The clock is ticking…tick tock tick tock. Nothing can stop it – it’s inevitable. All that’s left is to grab some popcorn, sit back, relax, and enjoy the fireworks.
The fuse is lit. Be here NEXT WEEK when it all GOES OFF.
Till next time!
-Matt-
Well now we know what all those old jazz songs about trains coming off the tracks are really about, the gigareich needing new pants!
They’re gonna need a hell of a lot more than new pants when it is all said and done!
You were a day late, but we’re you a dollar short?
So the Reich see themselves as the “Good Guys” and we have seen much that is bad among the heroes.
Who can you trust when the Devil is us?
I’m guessing this is why the D.D.D. went independent.
Well, we have rarely been a day late, but we are a heck a lot more than a dollar short.
And, as they say, “everyone is the hero of their own story.” Let me tell you it is pretty icky having to write this from the Gig perspective, but it just made the most sense for the story as things played out.

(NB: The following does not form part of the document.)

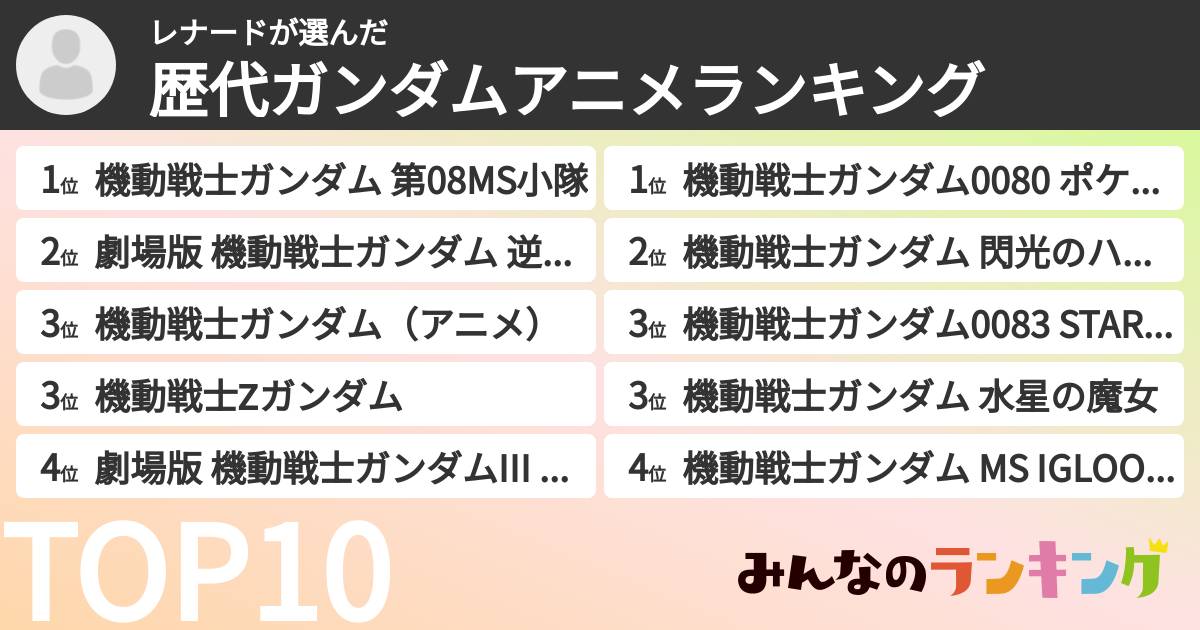 レナードさんの「歴代ガンダムアニメランキング」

“Hell is empty because all the Devils are here” I believe is the correct translation of that phrase- “Holle leer ist weil alle Teufellen hier ist!”
It is actually a Shakeaspeare quote – from The Tempest, Act 1, Scene 2.
Is it also a known German saying or phrase?
It is Saxon- which was a dialect still spoken in England in Shakespeare’s time. Remember that our language sprung from Saxon German and Norman French, and really didn’t become something we could understand until Chaucer’s time or slightly before (Early 14th Century, possibly late 13th). It’s gestation was shortly after the battle of Hastings in 1066.